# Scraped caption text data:
Start of Block
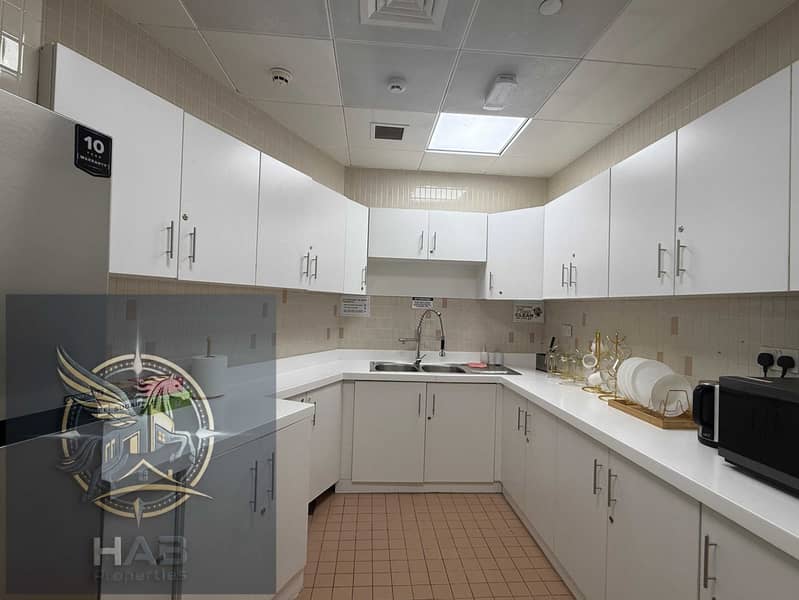 15 pantry . jpg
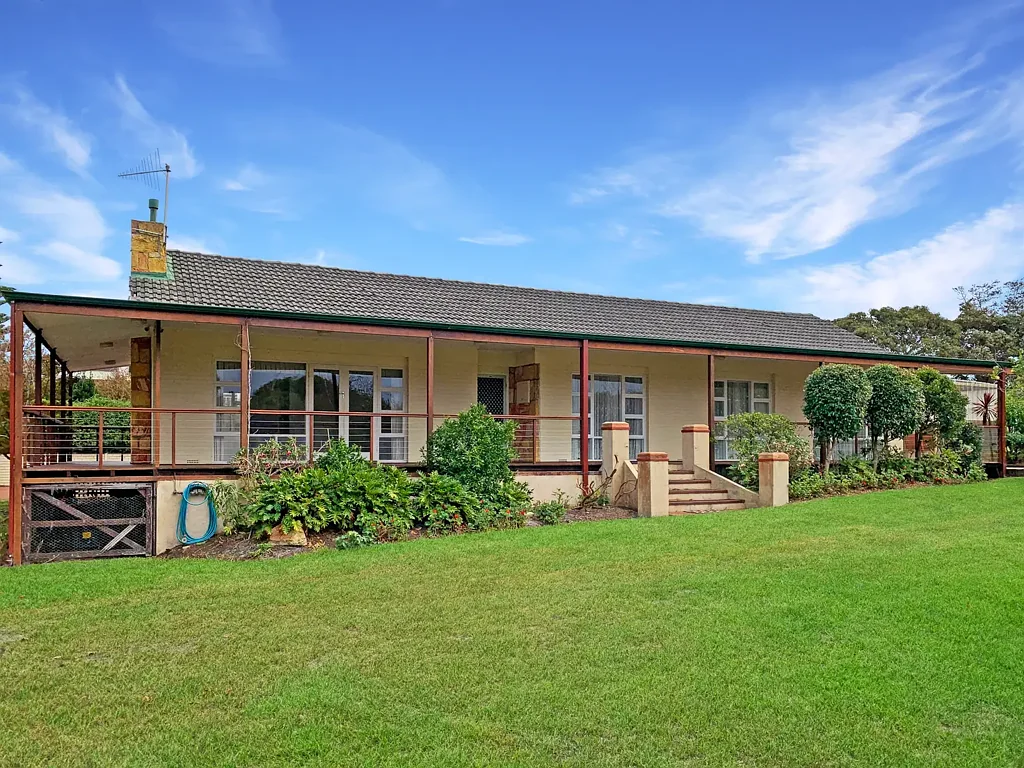 IMPRESSIVE FAMILY HOME IN SOUGHT AFTER MIRA MAR!!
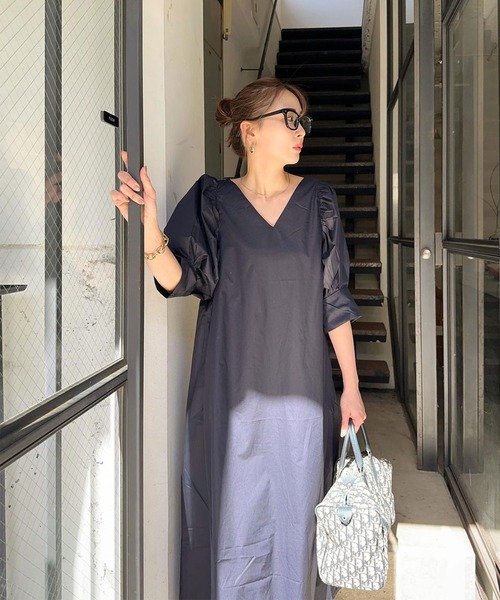 Riberry（リベリー）の「Vネックパフスリーブワンピース【無地/ストライプ】（ワンピース・レディース・ネイビー/オレンジ/グリーン/ブラック/ライトカーキ/ブルー/ブルー系/ピンク/アイボリー/ネイビー系/ライトグレー/ライトピンク/ベージュ/ライトイエロー・MEDIUM）」の15枚目の写真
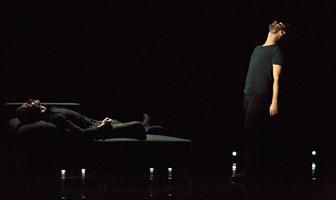 Les deux comédiens sur scène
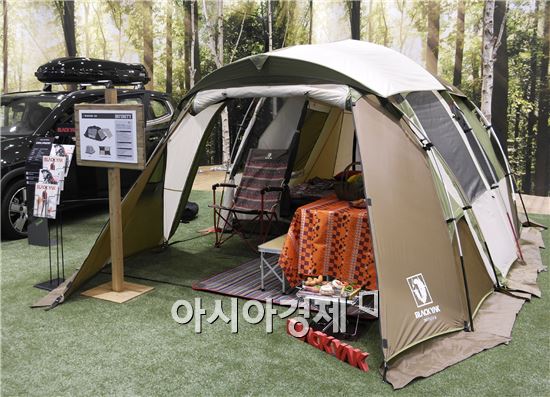 車 오르는 아웃도어 업체들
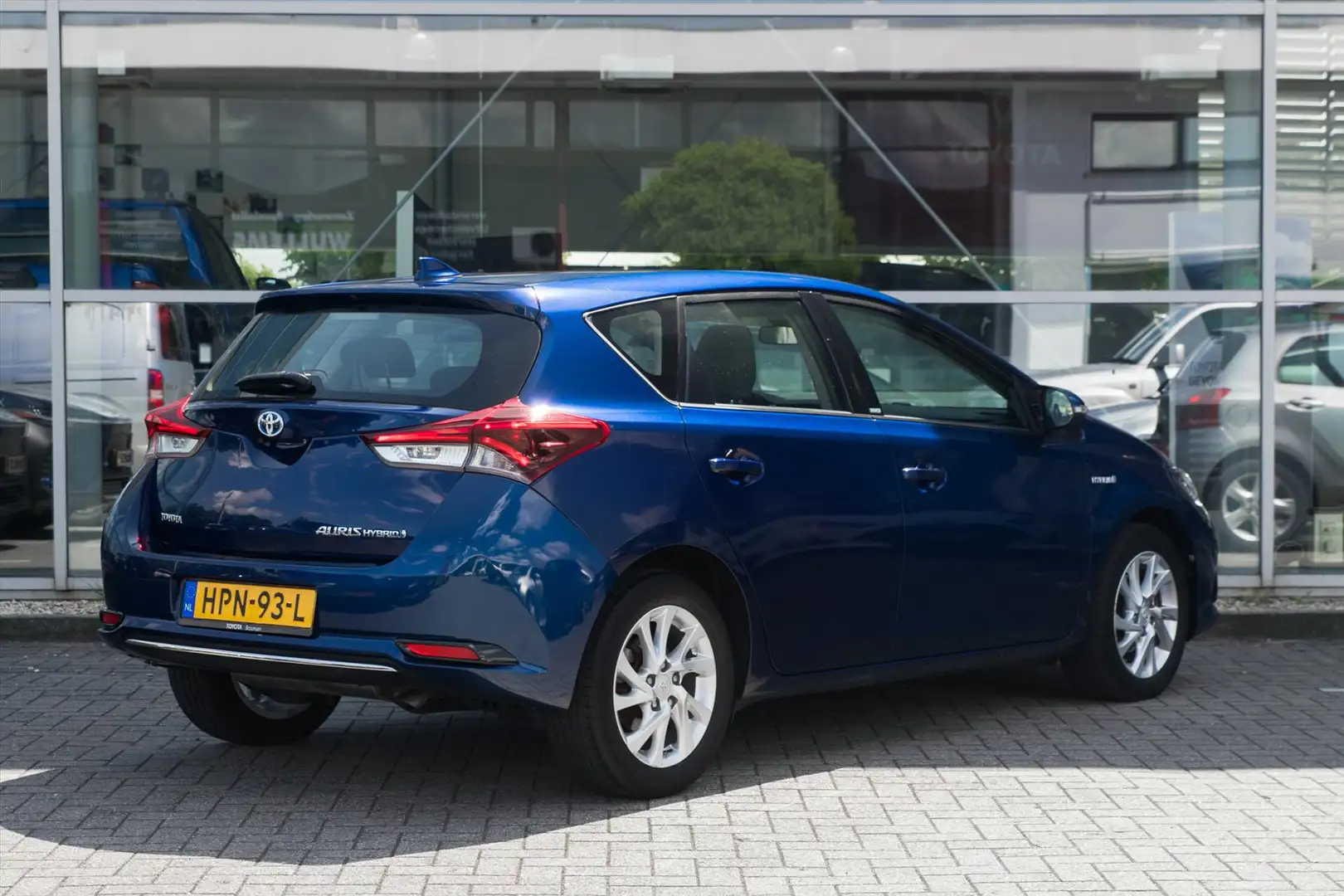 Toyota Auris 1.8 Hybrid 136pk CVT Business Plus Blauw - 2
End of Block
# GOAL OF THE EXERCISE:
Pictures are to be left out; the answer must otherwise be exactly the lines from the one with "Les deux comédiens sur scène" through the final line of the entries above, both included.

# EXERCISE RESPONSE:
 Les deux comédiens sur scène
 車 오르는 아웃도어 업체들
 Toyota Auris 1.8 Hybrid 136pk CVT Business Plus Blauw - 2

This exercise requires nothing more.